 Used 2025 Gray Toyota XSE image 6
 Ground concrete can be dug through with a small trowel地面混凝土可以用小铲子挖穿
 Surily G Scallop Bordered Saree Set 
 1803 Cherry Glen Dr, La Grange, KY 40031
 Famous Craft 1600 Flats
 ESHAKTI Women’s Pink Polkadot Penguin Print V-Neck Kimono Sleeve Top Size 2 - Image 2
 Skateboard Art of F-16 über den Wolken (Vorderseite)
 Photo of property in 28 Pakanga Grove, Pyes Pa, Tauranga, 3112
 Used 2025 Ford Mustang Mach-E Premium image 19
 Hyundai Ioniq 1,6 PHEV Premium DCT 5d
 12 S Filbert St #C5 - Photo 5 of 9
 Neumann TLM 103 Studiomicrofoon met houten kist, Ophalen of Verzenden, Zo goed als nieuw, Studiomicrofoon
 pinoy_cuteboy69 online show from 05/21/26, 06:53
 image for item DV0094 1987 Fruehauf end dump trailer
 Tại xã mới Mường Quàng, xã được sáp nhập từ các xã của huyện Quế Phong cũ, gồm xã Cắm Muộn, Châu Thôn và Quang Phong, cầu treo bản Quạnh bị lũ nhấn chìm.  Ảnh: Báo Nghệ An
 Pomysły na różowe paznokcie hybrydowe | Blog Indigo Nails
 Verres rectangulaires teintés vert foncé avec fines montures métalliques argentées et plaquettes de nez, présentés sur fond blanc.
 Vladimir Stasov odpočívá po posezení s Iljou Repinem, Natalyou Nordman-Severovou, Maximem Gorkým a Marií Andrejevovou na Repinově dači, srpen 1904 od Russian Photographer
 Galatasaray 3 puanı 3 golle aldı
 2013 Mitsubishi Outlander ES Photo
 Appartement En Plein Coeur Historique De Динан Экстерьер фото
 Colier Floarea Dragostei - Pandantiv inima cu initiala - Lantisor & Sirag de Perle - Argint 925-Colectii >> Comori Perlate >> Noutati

* * * * *

=== Required work ===
Repeat the lines from the one containing "Ground concrete can" through the end of the listing, exactly and without any other lines; both ends are included.

=== Task response ===
 Ground concrete can be dug through with a small trowel地面混凝土可以用小铲子挖穿
 Surily G Scallop Bordered Saree Set 
 1803 Cherry Glen Dr, La Grange, KY 40031
 Famous Craft 1600 Flats
 ESHAKTI Women’s Pink Polkadot Penguin Print V-Neck Kimono Sleeve Top Size 2 - Image 2
 Skateboard Art of F-16 über den Wolken (Vorderseite)
 Photo of property in 28 Pakanga Grove, Pyes Pa, Tauranga, 3112
 Used 2025 Ford Mustang Mach-E Premium image 19
 Hyundai Ioniq 1,6 PHEV Premium DCT 5d
 12 S Filbert St #C5 - Photo 5 of 9
 Neumann TLM 103 Studiomicrofoon met houten kist, Ophalen of Verzenden, Zo goed als nieuw, Studiomicrofoon
 pinoy_cuteboy69 online show from 05/21/26, 06:53
 image for item DV0094 1987 Fruehauf end dump trailer
 Tại xã mới Mường Quàng, xã được sáp nhập từ các xã của huyện Quế Phong cũ, gồm xã Cắm Muộn, Châu Thôn và Quang Phong, cầu treo bản Quạnh bị lũ nhấn chìm.  Ảnh: Báo Nghệ An
 Pomysły na różowe paznokcie hybrydowe | Blog Indigo Nails
 Verres rectangulaires teintés vert foncé avec fines montures métalliques argentées et plaquettes de nez, présentés sur fond blanc.
 Vladimir Stasov odpočívá po posezení s Iljou Repinem, Natalyou Nordman-Severovou, Maximem Gorkým a Marií Andrejevovou na Repinově dači, srpen 1904 od Russian Photographer
 Galatasaray 3 puanı 3 golle aldı
 2013 Mitsubishi Outlander ES Photo
 Appartement En Plein Coeur Historique De Динан Экстерьер фото
 Colier Floarea Dragostei - Pandantiv inima cu initiala - Lantisor & Sirag de Perle - Argint 925-Colectii >> Comori Perlate >> Noutati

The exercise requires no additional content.